At any rate, I can imagine that the book would have affected me very differently as an adolescent than it did reading it now as an adult. It seems that most adolescents invariably identify with the book’s sullen protagonist, Holden Caulfield, and for good reason. Holden gives voice to a profound sense of alienation and confusion that resonates deeply with the experience of adolescence, for many.
As an adult reading the book, I was much more focused on the ways in which the adults in Holden’s life were failing him: failing to understand him, to listen to him, to perceive his obvious—if unruly—intelligence.
And as an attorney and a teacher of future attorneys, one passage in particular jumped out at me. It appears near the end of the book, on the page immediately preceding Holden’s revelation that what he wants out of life is to be “the catcher in the rye”—an adult who looks out for children who are lost or in danger; the exact person missing from Holden’s own life.
Holden comes to realize that he wants to be the catcher in the rye in the course of a conversation with his younger sister, Phoebe.
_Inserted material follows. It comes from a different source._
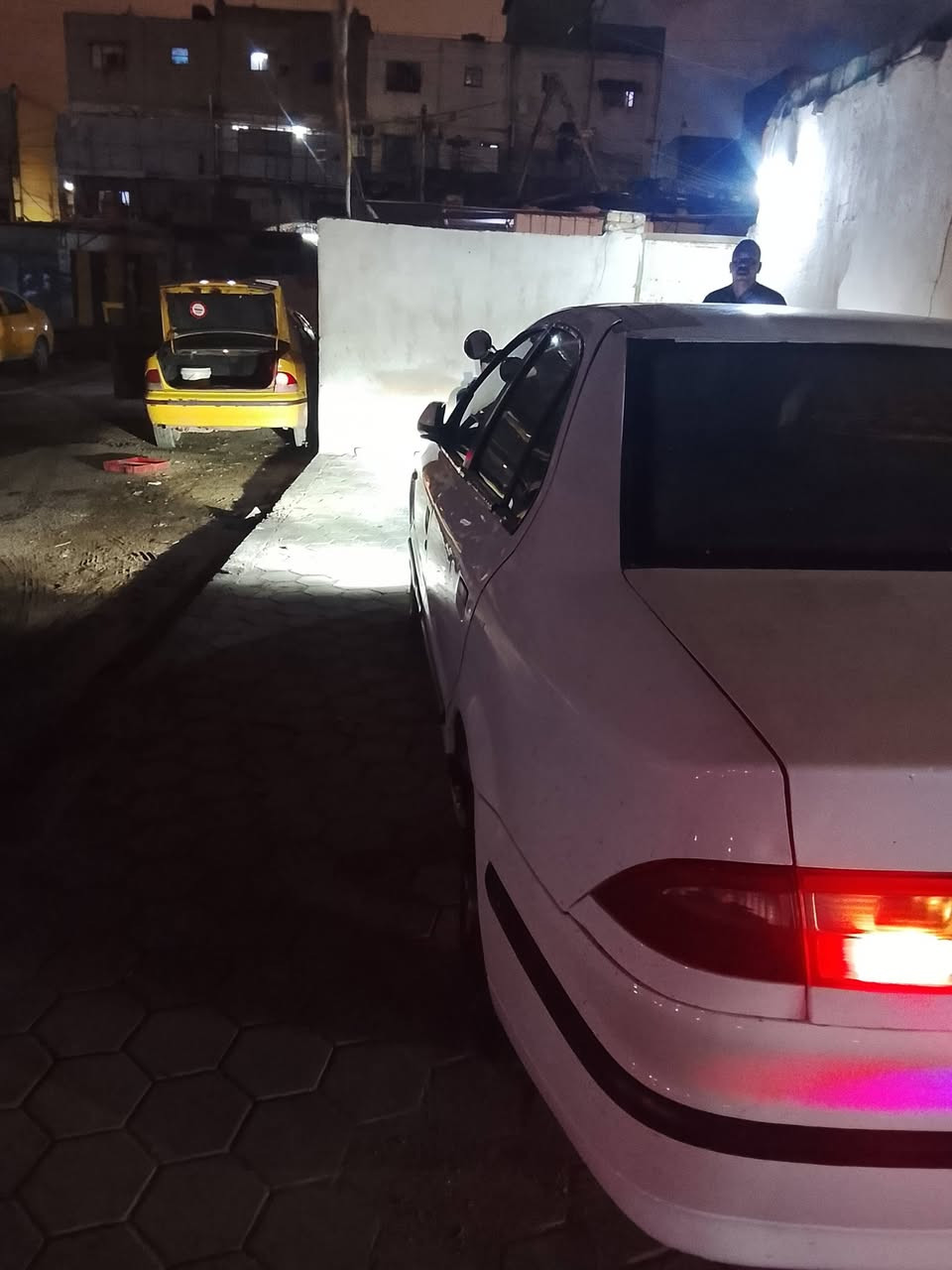 سلام عليكم سمند للبيع موديل12سيارة جاهزة كير حدادة خير من الله المكينة جديدة قبل شهر شادهة وصار بيهة بكن لا تنقيص ولا تبخير السعر40المكان بصرة الموفقية ***********واتساب فقط وحسب النظر ...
She is worried about Holden and his malcontent ways, and is trying to figure out what her big brother will do with his life.
Phoebe asks Holden if he might become a lawyer, like their father. To which Holden replies:
“Lawyers are all right, I guess — but it doesn’t appeal to me,” I said. “I mean they’re all right if they go around saving innocent guys’ lives all the time, and like that, but you don’t do that kind of stuff if you’re a lawyer. All you do is make a lot of dough and play golf and play bridge and buy cars and drink Martinis and look like a hot-shot. And besides. Even if you did go around saving guys’ lives and all, how would you know if you did it because you really wanted to save guys’ lives, or . . . you did it because what you really wanted to do was be a terrific lawyer, with everybody slapping you on the back and congratulating you in court when the goddam trial was over, the reporters and everybody . . . ? How would you know you weren’t being a phony? The trouble is, you wouldn’t.”
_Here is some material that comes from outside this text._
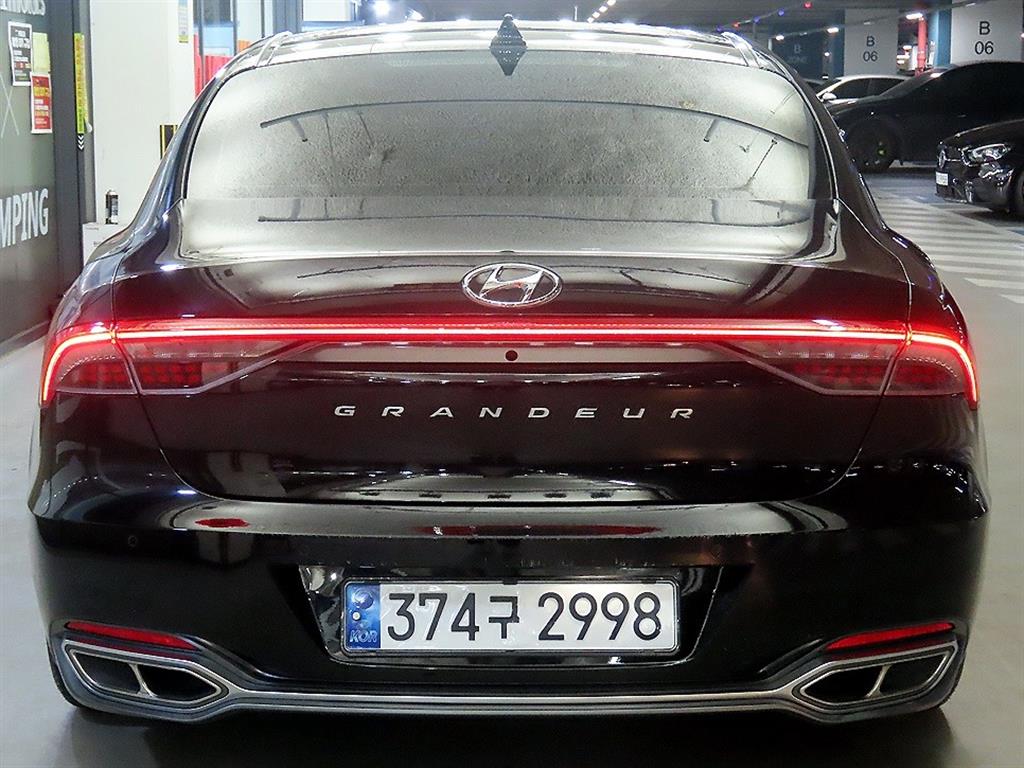 HYUNDAI Grandeur - Vista 5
What is interesting is that Holden acknowledges that at least some lawyers do what Holden himself wants to do: to “save guys’ lives”; to help people. But he nonetheless has disdain for the profession, because even those lawyers that do help people are tainted by their class aspirations—their desire to “play golf and play bridge and buy cars and drink Martinis and look like a hot-shot,” or at the very least to appear successful and powerful.
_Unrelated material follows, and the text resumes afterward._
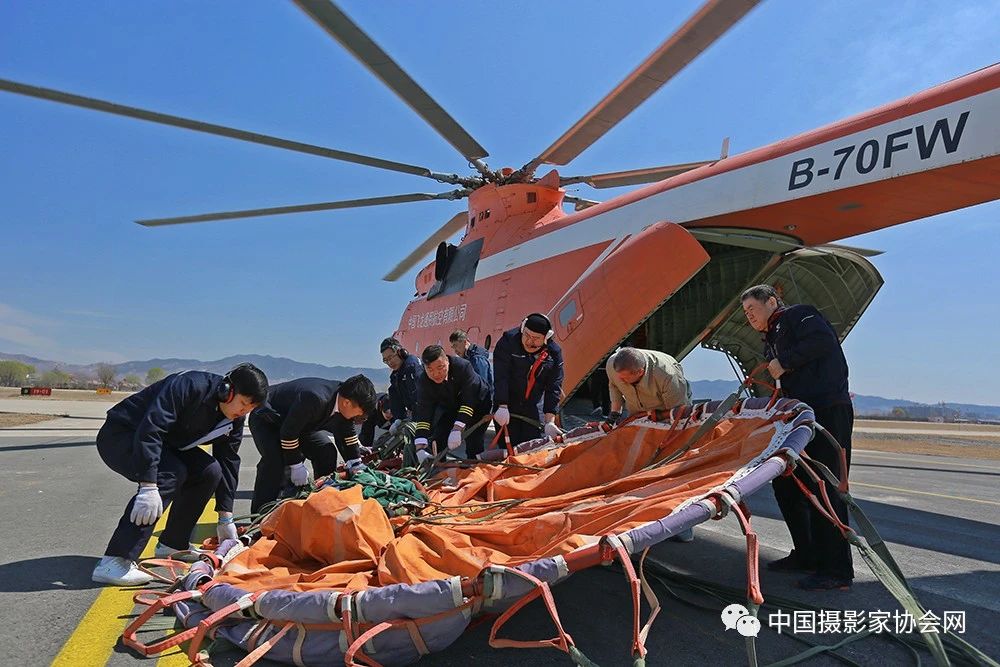 组图：火场上空的雄鹰只为守护祖国绿水河山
Most damning is Holden’s belief that lawyer’s themselves are not even aware of their own motivations, and, indeed, cannot separate out their altruistic goals and their desire for personal and social power.
Part of me thinks this is true. That even those who desire to dismantle the master’s house have committed themselves to acquiring the master’s tools (as manifested by the decision to go to law school and become lawyers), and through this process necessarily relinquish some understanding of those who are disenfranchised. More than that, we necessarily come to identify to some extent with the class that has traditionally been empowered to move the levers of the law.
To return to a theme touched on elsewhere in this blog, resisting this impulse requires careful and intentional cultivation of a sort of double consciousness, where you acquire sufficient markers of the professional class to communicate effectively with others belonging to that class, while at the same time preserving the values and wisdom you had before you became a lawyer.